Exercise instructions - From the entries below, output the line with "Flat Bath Close in Greater London" and each following line up to and including the line with "Prodej bytu 1+kk", exactly as written.

Records to use -
=== Section Start ===

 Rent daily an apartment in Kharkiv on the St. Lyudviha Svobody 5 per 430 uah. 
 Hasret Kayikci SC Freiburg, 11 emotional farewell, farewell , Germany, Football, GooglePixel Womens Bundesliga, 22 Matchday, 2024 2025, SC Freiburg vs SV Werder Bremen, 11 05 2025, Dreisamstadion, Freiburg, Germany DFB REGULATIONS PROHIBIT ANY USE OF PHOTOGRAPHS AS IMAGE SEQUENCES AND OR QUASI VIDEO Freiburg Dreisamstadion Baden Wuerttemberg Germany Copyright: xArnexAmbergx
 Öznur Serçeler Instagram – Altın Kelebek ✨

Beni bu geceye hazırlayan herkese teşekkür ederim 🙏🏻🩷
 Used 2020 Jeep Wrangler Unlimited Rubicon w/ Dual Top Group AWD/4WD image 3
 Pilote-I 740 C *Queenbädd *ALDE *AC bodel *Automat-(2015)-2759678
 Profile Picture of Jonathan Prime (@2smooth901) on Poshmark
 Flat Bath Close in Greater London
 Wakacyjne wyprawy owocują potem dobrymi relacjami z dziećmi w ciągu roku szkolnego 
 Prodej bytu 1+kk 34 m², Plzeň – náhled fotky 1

=== Section End ===
=== Section Start ===

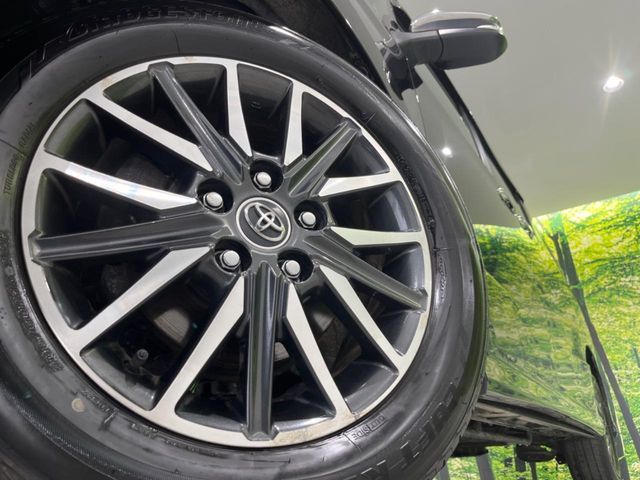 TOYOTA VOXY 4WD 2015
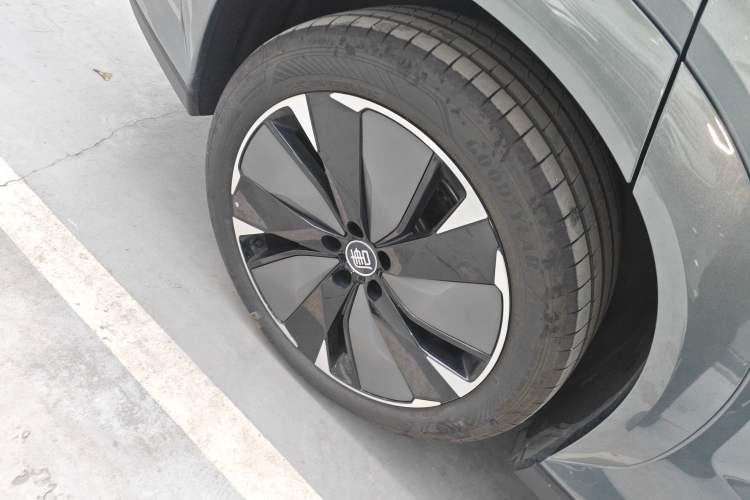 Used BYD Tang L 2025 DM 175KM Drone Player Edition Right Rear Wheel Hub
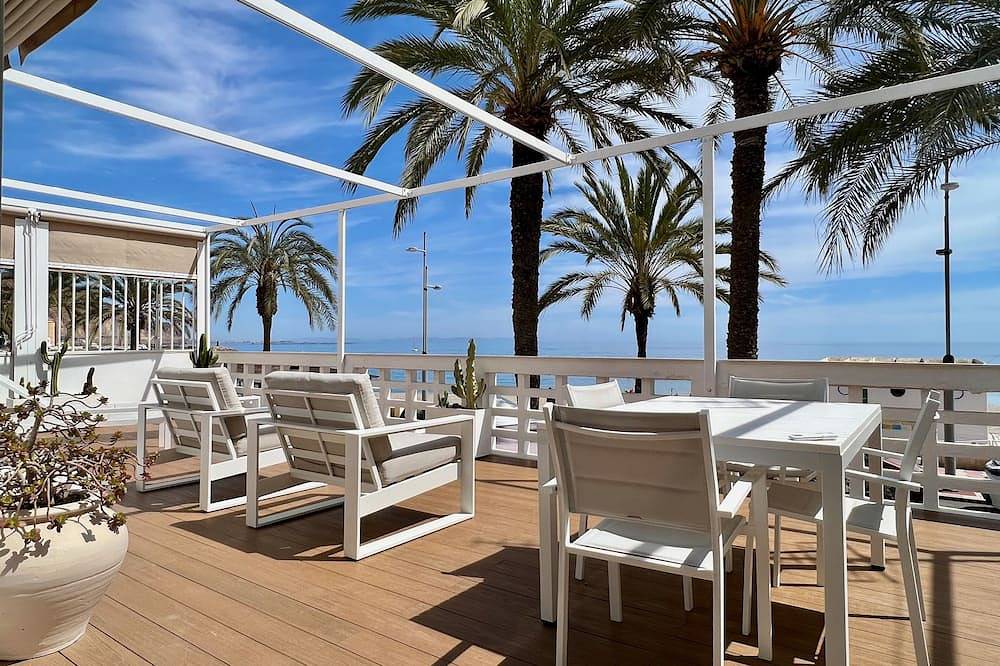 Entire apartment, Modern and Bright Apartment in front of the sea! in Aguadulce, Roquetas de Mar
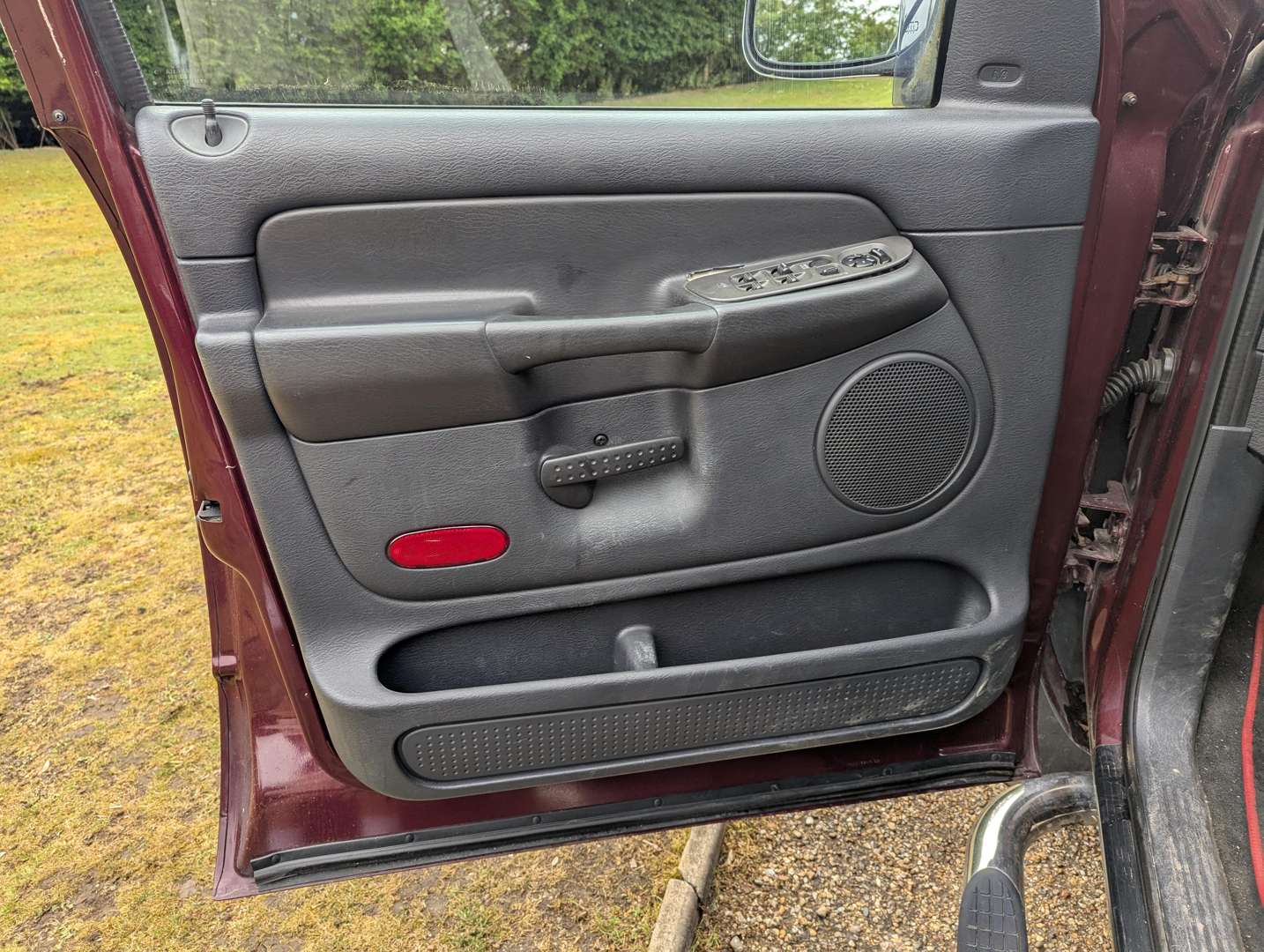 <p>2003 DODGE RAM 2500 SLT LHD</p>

=== Section End ===
=== Section Start ===

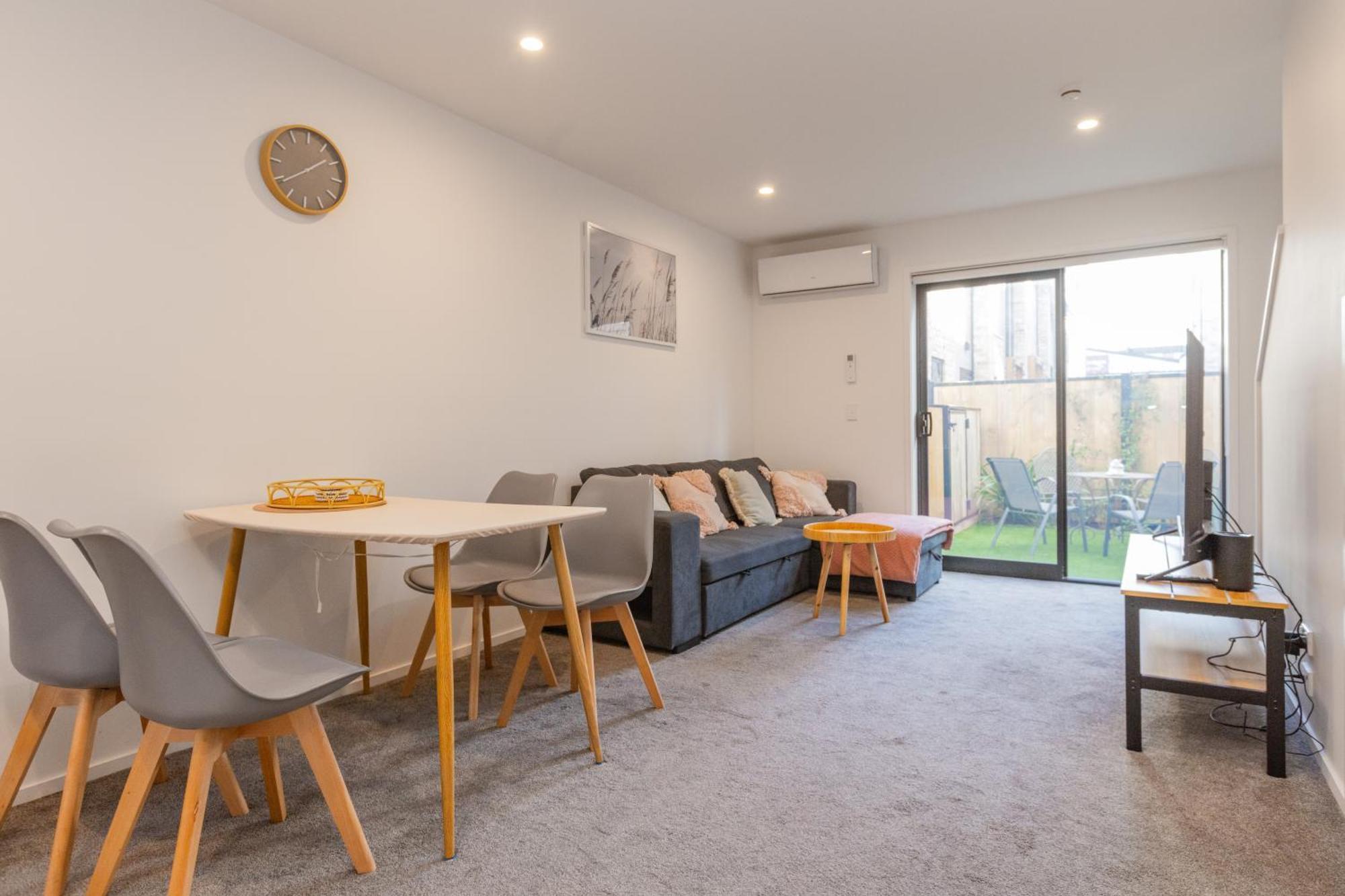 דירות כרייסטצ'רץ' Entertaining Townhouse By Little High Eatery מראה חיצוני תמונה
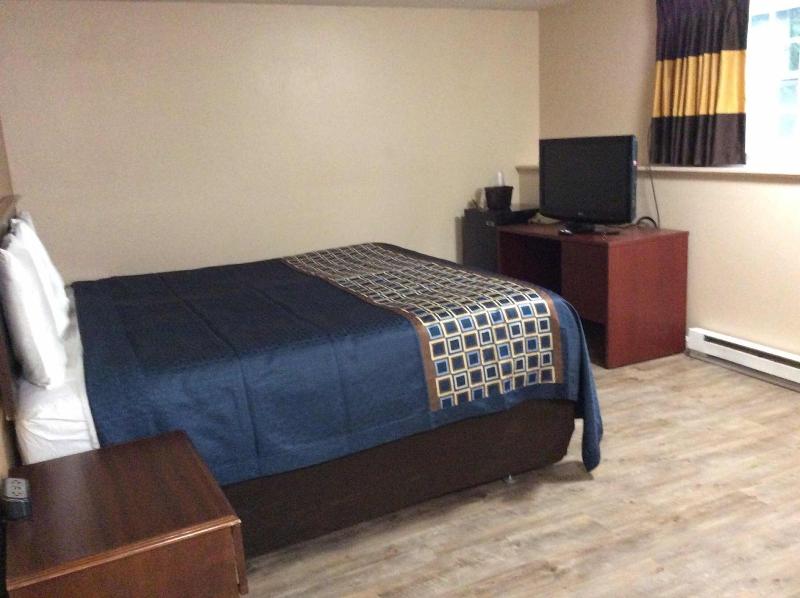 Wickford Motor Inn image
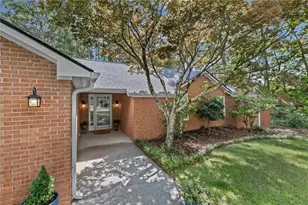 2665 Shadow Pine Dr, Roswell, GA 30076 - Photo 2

=== Section End ===

Expected output -
 Flat Bath Close in Greater London
 Wakacyjne wyprawy owocują potem dobrymi relacjami z dziećmi w ciągu roku szkolnego 
 Prodej bytu 1+kk 34 m², Plzeň – náhled fotky 1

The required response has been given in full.